Uno dei problemi, seppur di “minore” rilevanza, è quello che riguarda la durata della protezione offerta dal vaccino stesso. Infatti se anche si trattasse di una copertura di pochi mesi sarebbe sufficiente per consentire alla popolazione di essere rivaccinata periodicamente (qui si apre un capitolo delicato, perché il rifiuto a ricorrere a questa strategia potrebbe non essere del tutto irrilevante, quindi si potrebbe non raggiungere la copertura ottimale ogni volta).

Quindi a meno che i ritmi della vaccinazione non diventino del tutto insostenibili per il sistema produttivo, cosa che appare abbastanza improbabile, la situazione sarebbe più che gestibile (sempre in linea teorica).

Uno dei quesiti di maggiore importanza invece riguarda da che cosa il vaccino effettivamente protegge. Cioè il siero è capace solo di evitare lo sviluppo di forme gravi o asintomatiche di Covid-19 oppure è anche in grado di prevenire la trasmissione del virus da persona a persona?

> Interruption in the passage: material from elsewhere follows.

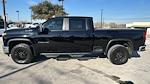 Used 2023 Chevrolet Silverado 2500 LT Crew Cab for sale #9P1708509 - photo 8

Se la seconda ipotesi fosse vera sarebbe tutto decisamente più semplice e si potrebbe raggiungere l’immunità di gregge con molta più facilità, mentre se ciò non fosse vero i non vaccinati continuerebbero ad essere a rischio contagio proprio come adesso.

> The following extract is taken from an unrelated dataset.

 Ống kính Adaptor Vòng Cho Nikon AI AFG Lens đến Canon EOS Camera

Inoltre non è acora stato deciso se chi ha già precedentemente contratto la malattia debba o meno essere vaccinato. Poi bisognerebbe indagare anche sull’efficacia effettiva del vaccino stesso, perché questa potrebbe avere un valore totalmente diverso dal 90-95% annunciato se si prendono in esame decine di milioni di persone vaccinate e non solo poche centinaia come nei test.